Korea Focus: Our most-read stories on the K-beauty industry

By Amanda Lim

- Last updated on GMT

Korea Focus: Our most-read stories on the K-beauty industry
We round up our best stories on the South Korean beauty market, featuring the trending minimalist beauty movement, vegan collagen, Amorepacific’s new R&D efforts in anti-pollution products and more.

1 – Minimalism momentum: South Korean consumers turning their back on complex beauty routines

The rise of minimalism is creating opportunities for beauty companies to create simple products to cater to South Korean consumers that are looking for more straightforward beauty​ routines.

The minimalist trend is driven by young urbanites who are beginning to embrace a simpler lifestyle to combat everyday stress.

“A growing number of younger consumers have started to embrace a minimalist lifestyle to give themselves space to breathe as well as take a rest from anything that may be pressurising, even if just slightly,” said Hwa Jun Lee, senior beauty and personal care analyst at Mintel.

These consumers, he continues, are happier when buying ‘just the essentials’.

“Instead of purchasing many products at once, they tend to buy small, portable and easy-to-use products with reasonable price tags.”

2 – Vegan collagen: Korea’s AHC adds Geltor’s human variant to best-selling eye cream

Geltor’s vegan human collagen is now being used​ in Ageless Real Eye Cream for Face, the latest version of AHC’s best-selling eye cream range.

AHC is manufactured by Kolmar Korea, which said the deal reflected growing consumer demand for high-performing clean animal-free products was increasing.

Biodesigned Human Collagen

HumaColl21 is a commercial human Type 21 collagen, which was identified by Geltor as essential to the generation of type-2 and type-3 human collagen, which help to maintain the elasticity and youthfulness of skin.

It is the second product from Geltor after Collume, which was previously known as N-Collage.

Geltor claimed that the product can improve skin collagen content, reduce wrinkles, firm skin, improve elasticity and moisturisation.
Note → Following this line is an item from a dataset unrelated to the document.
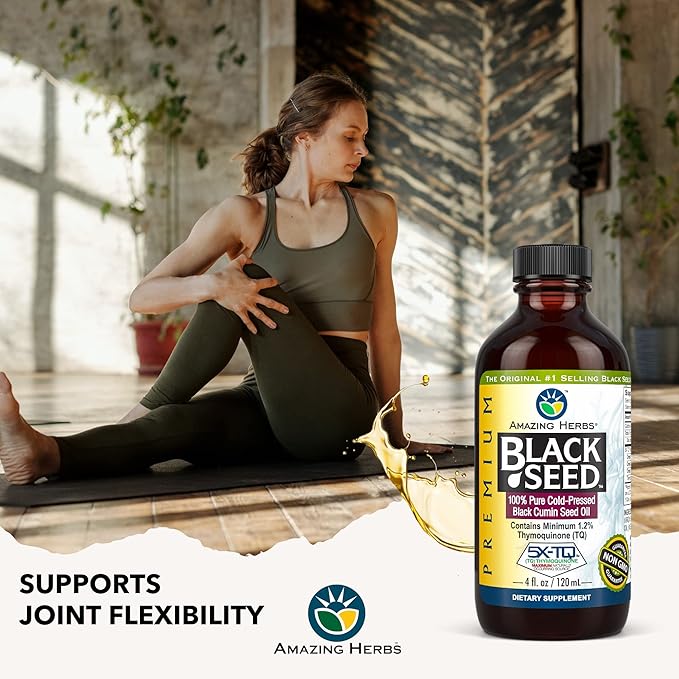 Amazing Herbs Premium Black Seed Oil - Gluten Free, Non GMO, Cold Pressed Nigella Sativa Aids in Digestive Health, Immune Support, Brain Function, Joint Mobility - 4 Fl Oz (Pack of 2)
3 – Lego-like cosmetics: Shinsegae targets millennial beauty consumers with Stonebrick brand

South Korean retail conglomerate Shinsegae has launched Stonebrick,​ a colourful make-up brand designed to attract young consumers who are ‘leading consumption’.

The packaging of Stonebrick’s products is reminiscent of Lego. Like the famous toy system, it is also modular.

This allows consumers to build their own ‘make-up systems’.

With over 200 products, consumers are free to create many varieties of combinations.

According to the company, the creative potential was very important to the brand because its target demographic had distinctive tastes and personalities.

“You can use two lipsticks in one holder, or you can mix different colours to find your own colour.”

4 – Amorepacific opens centre dedicated to the research and development of anti-pollution products

Amorepacific has launched an anti-pollution research centre​ at its Technology Research Institute in Korea in an effort to research the negative effects of pollution on the skin.

The goal of the facility is to develop new products with anti-pollution technology that can protect the skin from pollution.

The company said it planned to develop various anti-pollution solutions that protect the skin as well as remove pollutants from the skin surface and reduce the signs of damage.

“The Amorepacific Anti-Pollution Research Center was founded by Amorepacific Technology Research Institute, which has been able to predict the harmful environment and protect the skin health of our customers,"​ said Kim Chang-gi, director of the centre.

5 – Sale of Carver to Unilever made Korean PE history, analysts reveal

A KRW300bn investment in a South Korean cosmetics firm in 2016 has proved to be the ​most profitable private equity acquisition in the country’s history, a new analysis of data has shown.

The US$263.5m deal, led by a consortium of Bain Capital and Goldman Sachs for Carver Korea, returned more than six times the invested capital after just a year, analysts at Korea Economic Daily found.

The two financiers came out of the deal with proceeds of KRW1.9tr (US$1.6bn) from the sale of shares in Carver Korea to Unilever for around KRW3tr in 2017.

Founded in 1999, Carver had shown exponential growth over five years prior to the sale. Starting off as an aesthetics company supplying professional products to beauty salons, it since became the fastest-growing skincare business in South Korea, through sales of its brand, AHC.

AHC’s portfolio is focused on age management and hydration and nourishment. The range includes a hero product, Eye Cream for Face, along with essences, toners, moisturisers, masks, and sun protection.